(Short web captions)

--

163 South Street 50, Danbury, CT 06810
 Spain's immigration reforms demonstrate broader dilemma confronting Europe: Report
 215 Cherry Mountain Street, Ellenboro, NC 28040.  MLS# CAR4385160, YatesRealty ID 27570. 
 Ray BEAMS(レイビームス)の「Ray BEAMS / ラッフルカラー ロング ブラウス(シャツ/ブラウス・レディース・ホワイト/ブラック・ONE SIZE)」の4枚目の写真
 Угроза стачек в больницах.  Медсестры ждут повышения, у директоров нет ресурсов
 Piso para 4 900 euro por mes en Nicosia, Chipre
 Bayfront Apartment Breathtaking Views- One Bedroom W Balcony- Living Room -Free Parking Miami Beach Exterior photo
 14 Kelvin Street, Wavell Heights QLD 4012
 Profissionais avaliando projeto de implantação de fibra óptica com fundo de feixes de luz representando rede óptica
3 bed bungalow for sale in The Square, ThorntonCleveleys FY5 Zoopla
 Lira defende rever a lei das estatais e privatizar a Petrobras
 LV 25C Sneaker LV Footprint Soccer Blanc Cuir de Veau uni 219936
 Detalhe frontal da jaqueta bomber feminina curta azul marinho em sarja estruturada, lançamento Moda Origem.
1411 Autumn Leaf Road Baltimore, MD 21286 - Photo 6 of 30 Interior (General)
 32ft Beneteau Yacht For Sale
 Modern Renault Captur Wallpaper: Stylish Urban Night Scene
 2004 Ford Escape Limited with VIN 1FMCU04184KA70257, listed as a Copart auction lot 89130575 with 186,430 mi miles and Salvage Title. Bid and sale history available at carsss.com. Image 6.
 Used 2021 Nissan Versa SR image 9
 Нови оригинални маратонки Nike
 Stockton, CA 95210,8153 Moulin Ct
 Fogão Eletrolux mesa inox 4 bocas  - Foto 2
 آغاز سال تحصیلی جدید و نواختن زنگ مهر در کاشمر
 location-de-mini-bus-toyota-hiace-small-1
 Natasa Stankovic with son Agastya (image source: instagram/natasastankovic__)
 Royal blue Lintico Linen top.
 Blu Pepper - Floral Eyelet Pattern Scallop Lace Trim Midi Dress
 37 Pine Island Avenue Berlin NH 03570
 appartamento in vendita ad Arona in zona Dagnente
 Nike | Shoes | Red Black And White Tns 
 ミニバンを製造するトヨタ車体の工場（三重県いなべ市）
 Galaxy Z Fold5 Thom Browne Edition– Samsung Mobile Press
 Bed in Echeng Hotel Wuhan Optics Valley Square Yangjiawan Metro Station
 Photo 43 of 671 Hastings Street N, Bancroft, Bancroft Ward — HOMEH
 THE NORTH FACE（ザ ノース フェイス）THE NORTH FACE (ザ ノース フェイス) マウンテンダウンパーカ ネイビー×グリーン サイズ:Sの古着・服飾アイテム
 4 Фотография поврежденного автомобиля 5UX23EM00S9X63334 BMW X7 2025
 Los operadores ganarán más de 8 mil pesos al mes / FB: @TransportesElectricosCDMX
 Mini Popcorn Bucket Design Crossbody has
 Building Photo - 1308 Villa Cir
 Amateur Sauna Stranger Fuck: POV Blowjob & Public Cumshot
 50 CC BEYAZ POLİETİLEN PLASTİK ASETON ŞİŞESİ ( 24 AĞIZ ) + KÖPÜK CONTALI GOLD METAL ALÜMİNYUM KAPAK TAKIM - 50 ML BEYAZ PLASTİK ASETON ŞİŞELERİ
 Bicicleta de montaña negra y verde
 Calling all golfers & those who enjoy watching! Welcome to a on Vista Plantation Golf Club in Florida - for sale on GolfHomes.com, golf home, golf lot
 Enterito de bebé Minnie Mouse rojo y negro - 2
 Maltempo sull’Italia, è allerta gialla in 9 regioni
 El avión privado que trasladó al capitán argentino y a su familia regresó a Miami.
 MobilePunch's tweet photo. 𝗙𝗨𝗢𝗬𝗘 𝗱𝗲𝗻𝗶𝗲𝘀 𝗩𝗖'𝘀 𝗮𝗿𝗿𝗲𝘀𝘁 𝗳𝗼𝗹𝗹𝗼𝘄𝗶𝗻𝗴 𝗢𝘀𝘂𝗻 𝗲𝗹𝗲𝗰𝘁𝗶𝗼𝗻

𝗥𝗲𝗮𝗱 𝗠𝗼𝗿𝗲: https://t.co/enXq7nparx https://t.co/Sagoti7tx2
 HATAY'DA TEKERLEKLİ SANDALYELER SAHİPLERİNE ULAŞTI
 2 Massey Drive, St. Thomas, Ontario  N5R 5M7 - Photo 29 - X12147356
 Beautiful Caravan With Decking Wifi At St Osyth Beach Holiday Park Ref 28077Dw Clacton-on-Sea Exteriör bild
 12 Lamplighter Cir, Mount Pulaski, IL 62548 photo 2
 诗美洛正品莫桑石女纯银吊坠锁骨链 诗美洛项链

--

Set down every entry again, word for word.

163 South Street 50, Danbury, CT 06810
 Spain's immigration reforms demonstrate broader dilemma confronting Europe: Report
 215 Cherry Mountain Street, Ellenboro, NC 28040.  MLS# CAR4385160, YatesRealty ID 27570. 
 Ray BEAMS(レイビームス)の「Ray BEAMS / ラッフルカラー ロング ブラウス(シャツ/ブラウス・レディース・ホワイト/ブラック・ONE SIZE)」の4枚目の写真
 Угроза стачек в больницах.  Медсестры ждут повышения, у директоров нет ресурсов
 Piso para 4 900 euro por mes en Nicosia, Chipre
 Bayfront Apartment Breathtaking Views- One Bedroom W Balcony- Living Room -Free Parking Miami Beach Exterior photo
 14 Kelvin Street, Wavell Heights QLD 4012
 Profissionais avaliando projeto de implantação de fibra óptica com fundo de feixes de luz representando rede óptica
3 bed bungalow for sale in The Square, ThorntonCleveleys FY5 Zoopla
 Lira defende rever a lei das estatais e privatizar a Petrobras
 LV 25C Sneaker LV Footprint Soccer Blanc Cuir de Veau uni 219936
 Detalhe frontal da jaqueta bomber feminina curta azul marinho em sarja estruturada, lançamento Moda Origem.
1411 Autumn Leaf Road Baltimore, MD 21286 - Photo 6 of 30 Interior (General)
 32ft Beneteau Yacht For Sale
 Modern Renault Captur Wallpaper: Stylish Urban Night Scene
 2004 Ford Escape Limited with VIN 1FMCU04184KA70257, listed as a Copart auction lot 89130575 with 186,430 mi miles and Salvage Title. Bid and sale history available at carsss.com. Image 6.
 Used 2021 Nissan Versa SR image 9
 Нови оригинални маратонки Nike
 Stockton, CA 95210,8153 Moulin Ct
 Fogão Eletrolux mesa inox 4 bocas  - Foto 2
 آغاز سال تحصیلی جدید و نواختن زنگ مهر در کاشمر
 location-de-mini-bus-toyota-hiace-small-1
 Natasa Stankovic with son Agastya (image source: instagram/natasastankovic__)
 Royal blue Lintico Linen top.
 Blu Pepper - Floral Eyelet Pattern Scallop Lace Trim Midi Dress
 37 Pine Island Avenue Berlin NH 03570
 appartamento in vendita ad Arona in zona Dagnente
 Nike | Shoes | Red Black And White Tns 
 ミニバンを製造するトヨタ車体の工場（三重県いなべ市）
 Galaxy Z Fold5 Thom Browne Edition– Samsung Mobile Press
 Bed in Echeng Hotel Wuhan Optics Valley Square Yangjiawan Metro Station
 Photo 43 of 671 Hastings Street N, Bancroft, Bancroft Ward — HOMEH
 THE NORTH FACE（ザ ノース フェイス）THE NORTH FACE (ザ ノース フェイス) マウンテンダウンパーカ ネイビー×グリーン サイズ:Sの古着・服飾アイテム
 4 Фотография поврежденного автомобиля 5UX23EM00S9X63334 BMW X7 2025
 Los operadores ganarán más de 8 mil pesos al mes / FB: @TransportesElectricosCDMX
 Mini Popcorn Bucket Design Crossbody has
 Building Photo - 1308 Villa Cir
 Amateur Sauna Stranger Fuck: POV Blowjob & Public Cumshot
 50 CC BEYAZ POLİETİLEN PLASTİK ASETON ŞİŞESİ ( 24 AĞIZ ) + KÖPÜK CONTALI GOLD METAL ALÜMİNYUM KAPAK TAKIM - 50 ML BEYAZ PLASTİK ASETON ŞİŞELERİ
 Bicicleta de montaña negra y verde
 Calling all golfers & those who enjoy watching! Welcome to a on Vista Plantation Golf Club in Florida - for sale on GolfHomes.com, golf home, golf lot
 Enterito de bebé Minnie Mouse rojo y negro - 2
 Maltempo sull’Italia, è allerta gialla in 9 regioni
 El avión privado que trasladó al capitán argentino y a su familia regresó a Miami.
 MobilePunch's tweet photo. 𝗙𝗨𝗢𝗬𝗘 𝗱𝗲𝗻𝗶𝗲𝘀 𝗩𝗖'𝘀 𝗮𝗿𝗿𝗲𝘀𝘁 𝗳𝗼𝗹𝗹𝗼𝘄𝗶𝗻𝗴 𝗢𝘀𝘂𝗻 𝗲𝗹𝗲𝗰𝘁𝗶𝗼𝗻

𝗥𝗲𝗮𝗱 𝗠𝗼𝗿𝗲: https://t.co/enXq7nparx https://t.co/Sagoti7tx2
 HATAY'DA TEKERLEKLİ SANDALYELER SAHİPLERİNE ULAŞTI
 2 Massey Drive, St. Thomas, Ontario  N5R 5M7 - Photo 29 - X12147356
 Beautiful Caravan With Decking Wifi At St Osyth Beach Holiday Park Ref 28077Dw Clacton-on-Sea Exteriör bild
 12 Lamplighter Cir, Mount Pulaski, IL 62548 photo 2
 诗美洛正品莫桑石女纯银吊坠锁骨链 诗美洛项链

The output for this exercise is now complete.